Short text fragments from websites:
-.-.-
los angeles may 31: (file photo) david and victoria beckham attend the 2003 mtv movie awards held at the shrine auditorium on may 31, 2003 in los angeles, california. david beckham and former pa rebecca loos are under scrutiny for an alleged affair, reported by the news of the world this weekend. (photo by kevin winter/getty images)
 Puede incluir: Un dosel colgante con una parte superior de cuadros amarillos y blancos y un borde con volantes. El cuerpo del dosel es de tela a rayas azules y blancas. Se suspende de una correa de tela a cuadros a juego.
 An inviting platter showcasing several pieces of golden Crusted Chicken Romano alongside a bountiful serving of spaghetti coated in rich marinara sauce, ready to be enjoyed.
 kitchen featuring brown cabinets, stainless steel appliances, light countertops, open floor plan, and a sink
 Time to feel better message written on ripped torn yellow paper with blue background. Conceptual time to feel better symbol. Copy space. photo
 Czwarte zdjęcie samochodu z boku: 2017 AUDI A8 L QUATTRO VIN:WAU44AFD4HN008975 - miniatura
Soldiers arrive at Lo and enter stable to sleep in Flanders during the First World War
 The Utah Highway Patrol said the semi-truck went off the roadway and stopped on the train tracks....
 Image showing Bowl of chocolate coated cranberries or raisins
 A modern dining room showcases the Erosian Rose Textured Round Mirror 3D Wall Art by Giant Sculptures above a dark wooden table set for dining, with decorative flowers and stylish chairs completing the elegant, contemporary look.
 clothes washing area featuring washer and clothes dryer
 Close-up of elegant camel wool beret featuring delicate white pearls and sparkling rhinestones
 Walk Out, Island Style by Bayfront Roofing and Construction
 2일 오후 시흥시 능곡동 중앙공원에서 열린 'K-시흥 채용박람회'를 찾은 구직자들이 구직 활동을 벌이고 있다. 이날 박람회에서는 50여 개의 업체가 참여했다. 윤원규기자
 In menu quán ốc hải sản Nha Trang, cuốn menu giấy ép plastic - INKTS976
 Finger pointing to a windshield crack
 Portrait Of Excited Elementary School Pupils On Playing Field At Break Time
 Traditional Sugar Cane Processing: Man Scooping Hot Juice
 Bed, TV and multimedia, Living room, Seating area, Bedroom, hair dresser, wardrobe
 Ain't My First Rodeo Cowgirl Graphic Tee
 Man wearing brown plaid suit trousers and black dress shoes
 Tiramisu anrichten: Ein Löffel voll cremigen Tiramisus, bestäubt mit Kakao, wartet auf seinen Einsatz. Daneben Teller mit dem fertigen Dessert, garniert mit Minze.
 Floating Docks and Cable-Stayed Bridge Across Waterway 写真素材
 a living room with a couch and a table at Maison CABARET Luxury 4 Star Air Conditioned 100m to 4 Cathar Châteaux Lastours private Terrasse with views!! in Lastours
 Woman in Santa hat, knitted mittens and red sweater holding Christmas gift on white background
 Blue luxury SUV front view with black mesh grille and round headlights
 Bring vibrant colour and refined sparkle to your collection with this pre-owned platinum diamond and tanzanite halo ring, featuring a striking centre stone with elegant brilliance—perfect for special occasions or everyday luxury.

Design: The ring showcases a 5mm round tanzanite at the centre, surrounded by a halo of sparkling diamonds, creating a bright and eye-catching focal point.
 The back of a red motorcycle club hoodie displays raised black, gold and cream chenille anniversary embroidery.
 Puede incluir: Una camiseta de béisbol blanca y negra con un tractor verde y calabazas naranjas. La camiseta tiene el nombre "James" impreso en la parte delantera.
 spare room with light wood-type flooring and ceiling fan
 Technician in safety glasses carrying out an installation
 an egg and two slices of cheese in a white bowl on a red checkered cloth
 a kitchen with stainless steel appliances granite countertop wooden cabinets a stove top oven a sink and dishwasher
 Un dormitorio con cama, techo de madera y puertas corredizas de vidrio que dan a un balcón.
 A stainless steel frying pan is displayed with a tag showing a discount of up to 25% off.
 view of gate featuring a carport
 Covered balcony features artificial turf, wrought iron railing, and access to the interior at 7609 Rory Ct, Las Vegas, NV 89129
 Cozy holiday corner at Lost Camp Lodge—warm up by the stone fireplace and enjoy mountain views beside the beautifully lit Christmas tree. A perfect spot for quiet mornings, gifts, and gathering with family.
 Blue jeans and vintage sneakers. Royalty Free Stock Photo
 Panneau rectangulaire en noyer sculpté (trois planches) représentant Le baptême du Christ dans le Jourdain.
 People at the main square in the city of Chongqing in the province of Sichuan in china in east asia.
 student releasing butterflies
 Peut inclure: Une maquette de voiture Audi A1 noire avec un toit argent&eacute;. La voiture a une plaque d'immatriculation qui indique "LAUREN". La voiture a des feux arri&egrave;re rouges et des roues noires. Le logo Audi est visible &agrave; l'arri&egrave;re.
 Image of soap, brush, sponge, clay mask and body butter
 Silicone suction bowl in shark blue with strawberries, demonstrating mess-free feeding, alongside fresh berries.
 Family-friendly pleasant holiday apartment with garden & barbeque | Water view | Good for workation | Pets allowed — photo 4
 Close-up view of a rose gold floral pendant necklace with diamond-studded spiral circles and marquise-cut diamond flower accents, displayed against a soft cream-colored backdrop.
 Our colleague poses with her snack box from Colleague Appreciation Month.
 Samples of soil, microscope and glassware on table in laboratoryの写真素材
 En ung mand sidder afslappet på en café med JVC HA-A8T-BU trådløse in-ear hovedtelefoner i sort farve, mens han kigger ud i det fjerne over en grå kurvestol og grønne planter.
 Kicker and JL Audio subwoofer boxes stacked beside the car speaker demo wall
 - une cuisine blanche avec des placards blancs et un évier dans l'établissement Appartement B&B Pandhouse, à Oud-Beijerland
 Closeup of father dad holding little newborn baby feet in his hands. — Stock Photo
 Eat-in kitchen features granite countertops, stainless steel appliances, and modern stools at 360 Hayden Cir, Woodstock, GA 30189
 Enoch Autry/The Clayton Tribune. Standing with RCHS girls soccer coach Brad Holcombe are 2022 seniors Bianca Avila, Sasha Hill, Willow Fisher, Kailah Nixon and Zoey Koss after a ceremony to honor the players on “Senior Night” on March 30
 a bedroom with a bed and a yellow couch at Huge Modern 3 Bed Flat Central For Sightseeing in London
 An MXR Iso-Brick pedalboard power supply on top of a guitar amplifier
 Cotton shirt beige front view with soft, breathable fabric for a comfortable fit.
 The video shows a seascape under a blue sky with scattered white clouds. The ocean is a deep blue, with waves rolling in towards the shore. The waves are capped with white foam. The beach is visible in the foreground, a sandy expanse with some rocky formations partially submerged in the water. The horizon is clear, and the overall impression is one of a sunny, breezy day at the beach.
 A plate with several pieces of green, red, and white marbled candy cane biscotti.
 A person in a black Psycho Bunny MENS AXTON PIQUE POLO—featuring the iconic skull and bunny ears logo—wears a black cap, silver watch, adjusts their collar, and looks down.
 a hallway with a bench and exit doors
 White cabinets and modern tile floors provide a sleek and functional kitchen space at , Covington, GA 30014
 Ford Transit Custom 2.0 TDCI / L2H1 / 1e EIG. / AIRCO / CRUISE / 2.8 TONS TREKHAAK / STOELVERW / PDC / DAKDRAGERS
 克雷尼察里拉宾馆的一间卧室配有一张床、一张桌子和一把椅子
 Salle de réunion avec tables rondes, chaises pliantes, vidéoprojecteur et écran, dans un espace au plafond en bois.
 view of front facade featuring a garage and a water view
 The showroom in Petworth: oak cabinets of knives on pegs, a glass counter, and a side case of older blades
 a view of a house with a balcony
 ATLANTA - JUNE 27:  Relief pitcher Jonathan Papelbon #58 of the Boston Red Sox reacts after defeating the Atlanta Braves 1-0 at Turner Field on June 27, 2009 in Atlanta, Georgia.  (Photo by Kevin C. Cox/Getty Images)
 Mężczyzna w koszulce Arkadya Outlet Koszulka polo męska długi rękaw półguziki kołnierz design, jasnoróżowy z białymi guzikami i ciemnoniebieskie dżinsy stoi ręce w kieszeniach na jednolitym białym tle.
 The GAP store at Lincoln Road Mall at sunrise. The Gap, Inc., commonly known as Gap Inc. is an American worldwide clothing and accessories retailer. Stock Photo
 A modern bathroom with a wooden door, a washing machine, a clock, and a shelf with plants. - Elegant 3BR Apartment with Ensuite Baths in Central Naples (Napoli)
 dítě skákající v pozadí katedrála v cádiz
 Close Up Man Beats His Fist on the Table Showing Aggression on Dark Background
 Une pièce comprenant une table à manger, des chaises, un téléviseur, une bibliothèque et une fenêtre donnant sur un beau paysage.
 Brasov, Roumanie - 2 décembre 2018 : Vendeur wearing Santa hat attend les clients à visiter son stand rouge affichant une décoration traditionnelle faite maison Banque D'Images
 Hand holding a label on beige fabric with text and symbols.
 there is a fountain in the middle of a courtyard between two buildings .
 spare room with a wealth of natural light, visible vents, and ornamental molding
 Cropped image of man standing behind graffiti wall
-.-.-
## Assignment
The word is "yellow". Copy every line above where it appears.

## Solution to the problem
 Time to feel better message written on ripped torn yellow paper with blue background. Conceptual time to feel better symbol. Copy space. photo
 a bedroom with a bed and a yellow couch at Huge Modern 3 Bed Flat Central For Sightseeing in London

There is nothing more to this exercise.